At the same time, local elites — both emerging and traditional — have not resigned nor stopped undermining efforts to prosecute them. Even the most lauded of supranational efforts in this field came under heavy pressure: the International Commission against Impunity in Guatemala (Comisión Internacional Contra la Impunidad en Guatemala – CICIG), a United Nations-backed appendage of the Guatemalan Attorney General’s Office, saw attempts from traditional business and political elites to influence its investigations and destroy its reputation.
Nonetheless, CICIG remains central to these efforts. It is a model that combines internationally funded resources (provided mostly by the United States and the European Union) and international investigators who assist the local Attorney General’s Office in Guatemala. The two work together on investigations and develop proposals for legal reforms.
Established in 2007, it wasn’t until 2015 that the CICIG really hit the bullseye. Working together, CICIG’s Colombian Commissioner Iván Velásquez and Attorney General Thelma Aldana, developed a case against then President Pérez Molina and his Vice President Roxana Baldetti that exposed a decades-old system of state corruption in Guatemala.
To be sure, the CICIG had its battles with elites, that used their charm and their muscle to try to influence what and who the celebrated commission would investigate. However, Guatemala is still the best example of how to fight against corruption in the region. And investigations by the CICIG and Guatemala’s Attorney General’s Office of Pérez Molina’s inner circle are laying bare how deeply organized crime networks have penetrated Guatemala’s political system.
One of the cases that best illustrates this penetration is that of Manuel López Bonilla, a retired Lt. Colonel with a close relationship to Pérez Molina.
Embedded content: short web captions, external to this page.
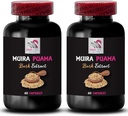 Mindset Support - MUIRA PUAMA BARK EXTRACT - Herbal Drive Activation, Plant-Based Energy Source, All-Day Boost, Balanced Daily Lift, Botanical Support, Adventure Readiness 2 Bottles 120 Capsules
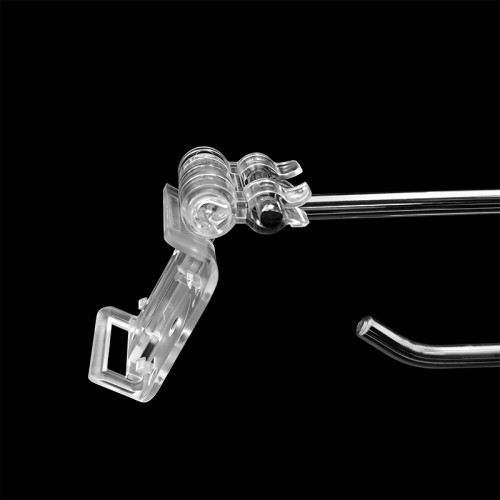 JESL-A09 Wire Hook Swivel Holder | Wire Hook Swivel Mount | ESL Price Tag Holder for ESL Display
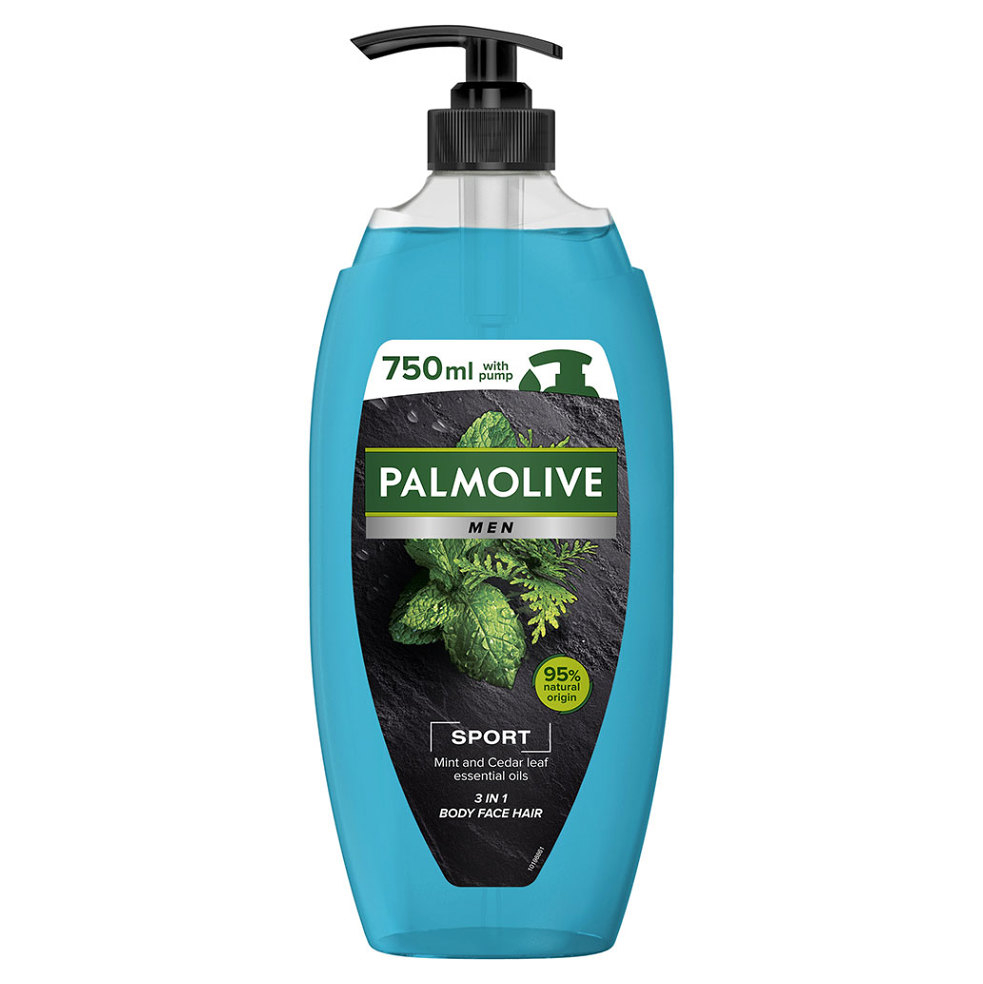 PALMOLIVE Sport sprchový gel pro muže s pumpou 750 ml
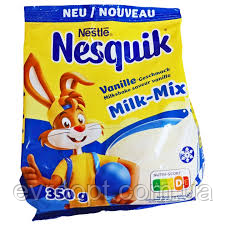 Какао-напій Nesquik Nestle (Ваніль) 350 g, фото 1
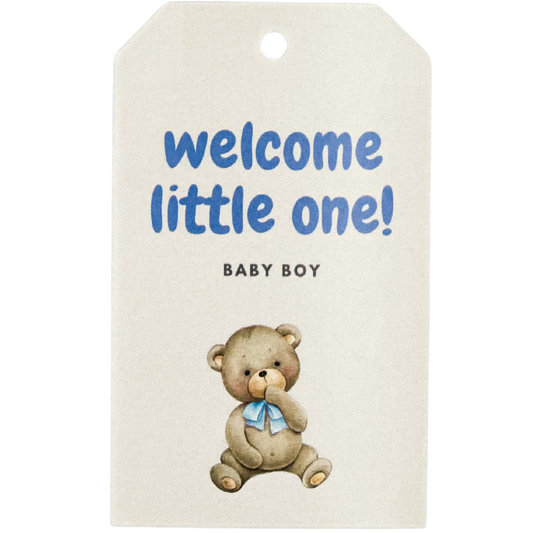 Gift Tag - Baby Boy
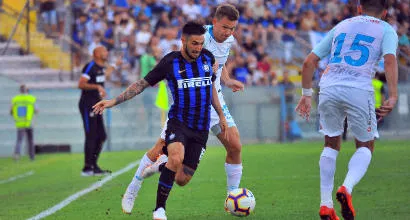 Amichevole: Inter vs Zenit 3 - 3
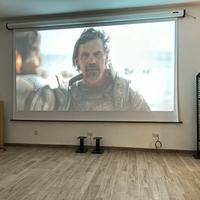 Sopar schermo videoproiezione 350 motorizzato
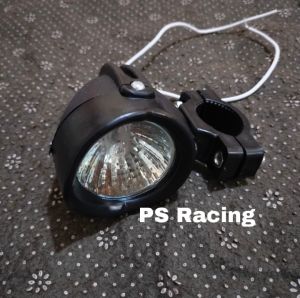 PROMO LAMPU KABUT TANPA AKI LAMPU SOROT KABUT DI STANG LAMPU KODOK UNIVERSAL SEMUA MOTOR BISA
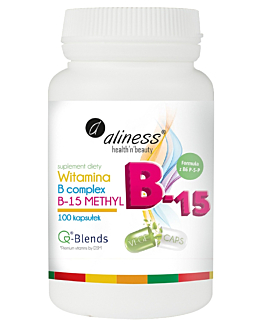 Aliness Wit. B15 Methyl Vege, kapsułki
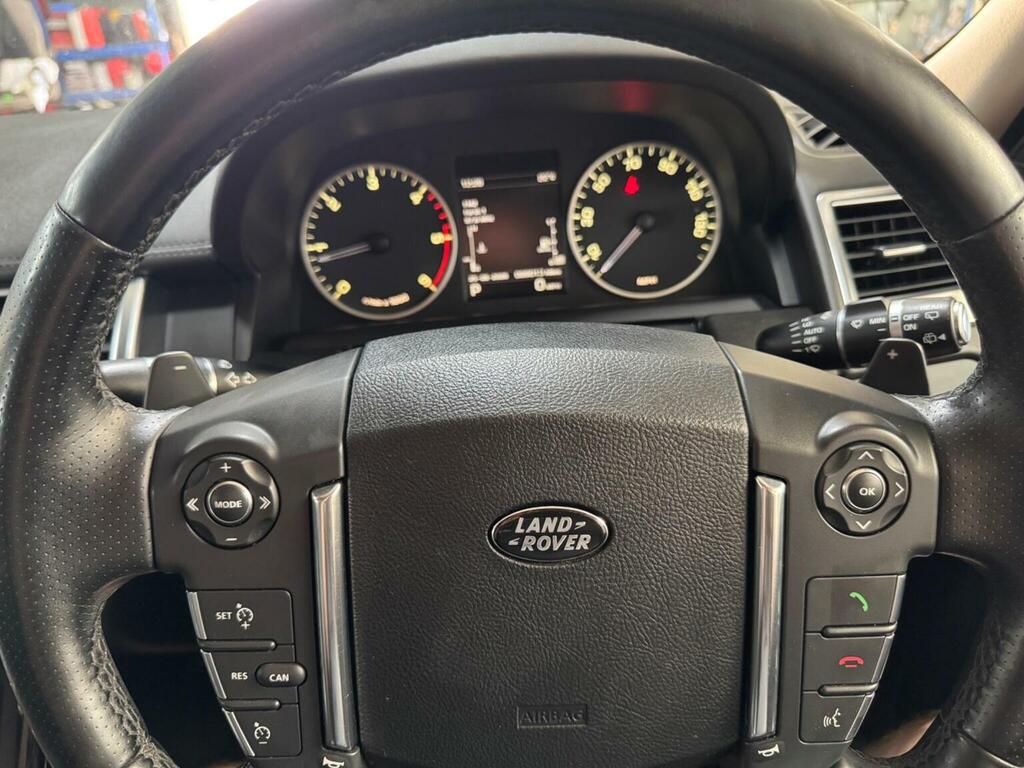 Land Rover Range Rover Sport 3.0 Sd V6 Hse Luxury 4Wd Euro 5 Black #11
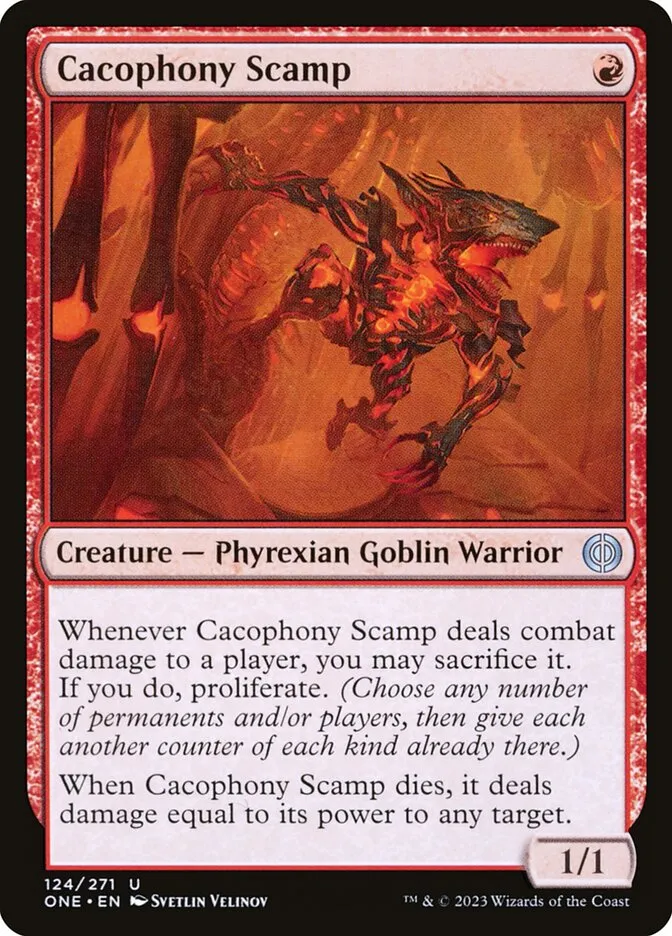 Cacophony Scamp Front Face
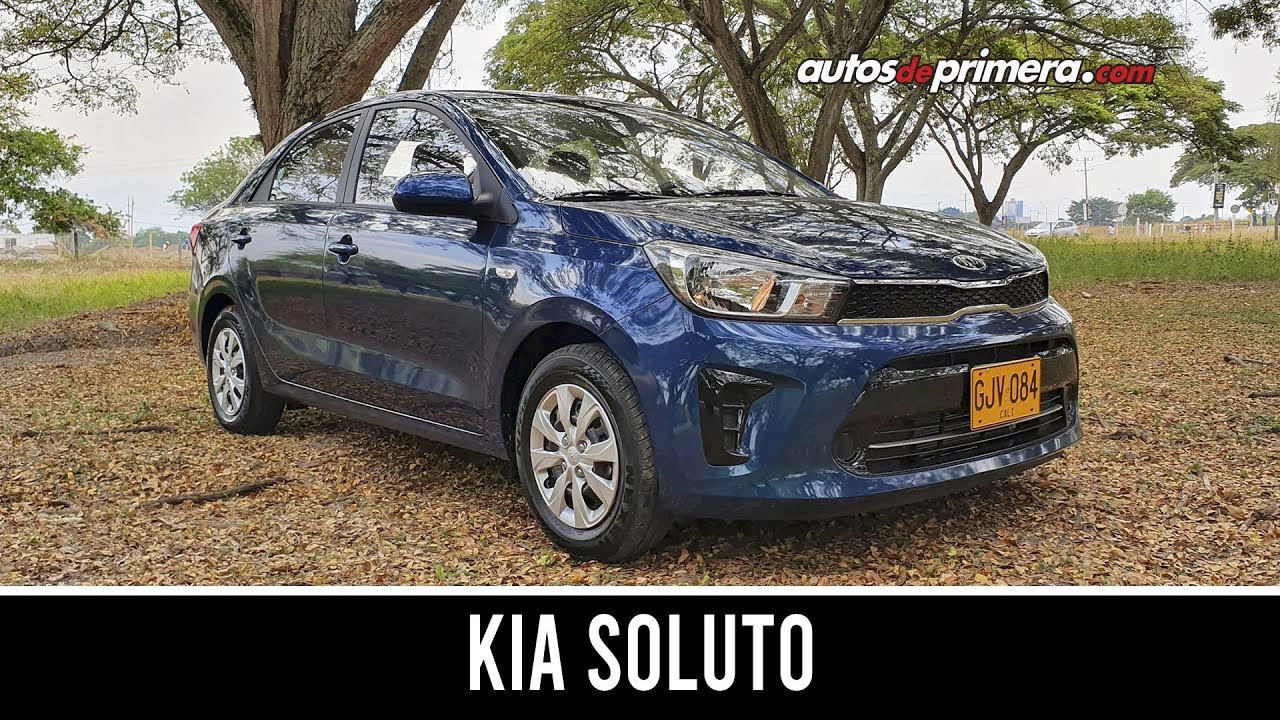 Kia Soluto 🔥 Todo lo que querías saber 🔥 Prueba - Primer contacto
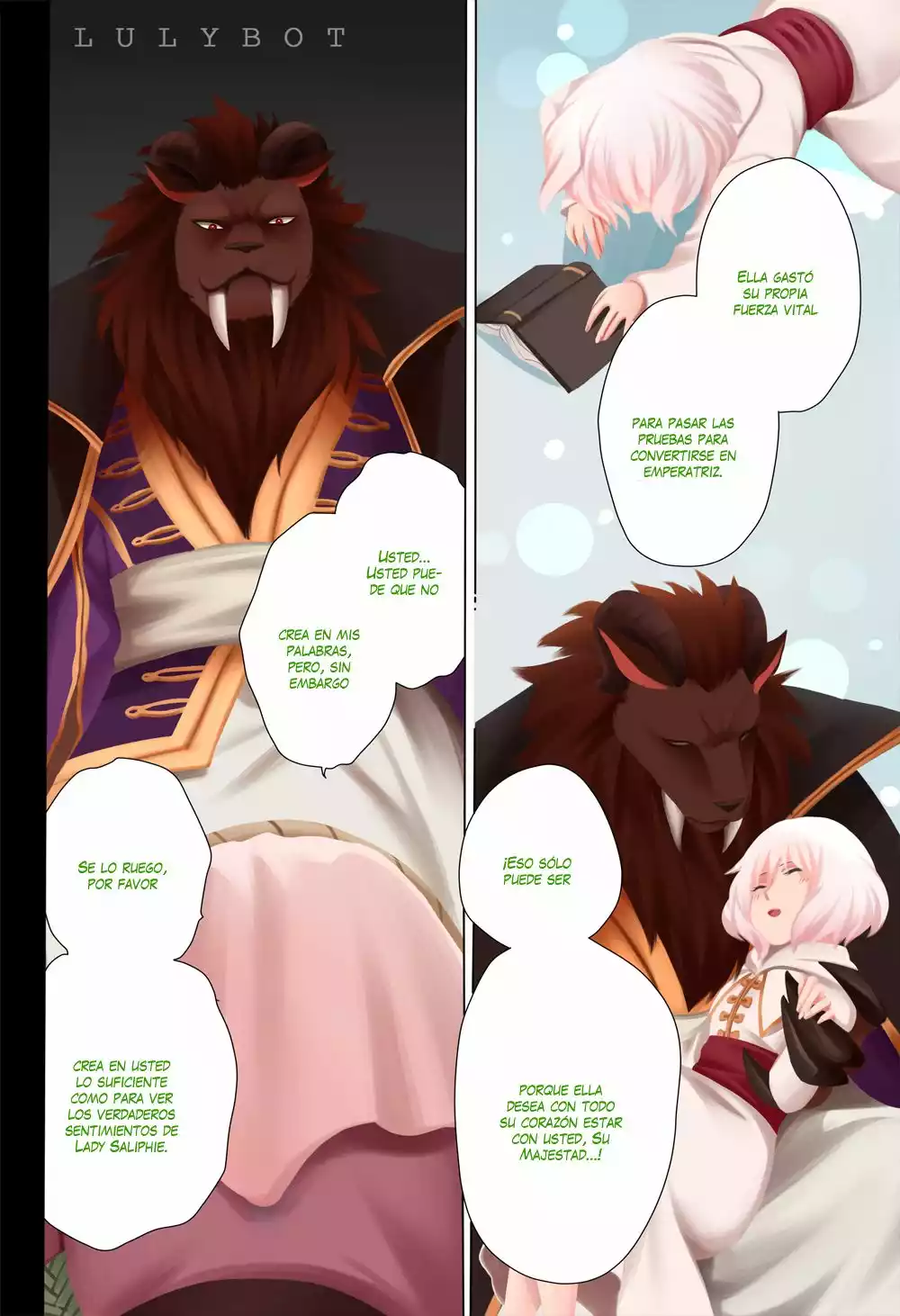 Página 14 del Manga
As interior minister during the Pérez Molina administration, López Bonilla enriched himself and his allies, and allegedly struck side deals with drug traffickers to protect them.
The case of López Bonilla, who was arrested in Guatemala City in July and faces corruption charges in Guatemala, is also an example of how the so-called Illegal Clandestine Security Apparatuses (Cuerpos Ilegales y Aparatos Clandestinos de Seguridad – CIACS), embedded themselves in the state and morphed into something with a wider variety of partners and greater reach, which often included political parties and businessmen.
The CICIG and its last two attorneys general — Thelma Aldana and her predecessor, Claudia Paz y Paz — have kept up the spirit of the Guatemalan spring. They didn’t just investigate and prosecute major criminal actors most closely connected to political power and the business elite, but also began to reshape the Attorney General’s Office, which is now capable of launching its own complex investigations.
Despite the impact that the CICIG has had since 2007 (and above all in the last two years), the experiment is still fragile. Analysts and activists of the anti-corruption campaign all say that corruption and crime continue to be embedded in the very heart of the Guatemalan state.
“They have stripped away the visible faces, but shady characters, which are the ones working behind the scenes, are still operating. This gray zone makes it difficult to completely purge the corrupt state,” said activist Helen Mack in a November interview.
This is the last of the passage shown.